▶ **What this task involves**
Start at the line below containing "Zapatillas Court Royale" and stop at the line containing "廣州太和謝家莊黨群服務(wù)中心". Repeat every line of that stretch exactly, and nothing outside it.

▶ **Given data**
◆ ◆ ◆ ◆ ◆ ◆ ◆

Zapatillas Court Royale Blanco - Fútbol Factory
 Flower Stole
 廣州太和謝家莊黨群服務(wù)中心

◆ ◆ ◆ ◆ ◆ ◆ ◆

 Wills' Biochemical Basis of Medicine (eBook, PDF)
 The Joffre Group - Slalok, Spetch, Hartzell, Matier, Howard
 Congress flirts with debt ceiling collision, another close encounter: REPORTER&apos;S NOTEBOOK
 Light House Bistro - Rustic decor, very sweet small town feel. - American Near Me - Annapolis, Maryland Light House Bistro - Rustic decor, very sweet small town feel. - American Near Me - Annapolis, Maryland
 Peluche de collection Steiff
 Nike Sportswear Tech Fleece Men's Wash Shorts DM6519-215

◆ ◆ ◆ ◆ ◆ ◆ ◆

▶ **Response box**
Zapatillas Court Royale Blanco - Fútbol Factory
 Flower Stole
 廣州太和謝家莊黨群服務(wù)中心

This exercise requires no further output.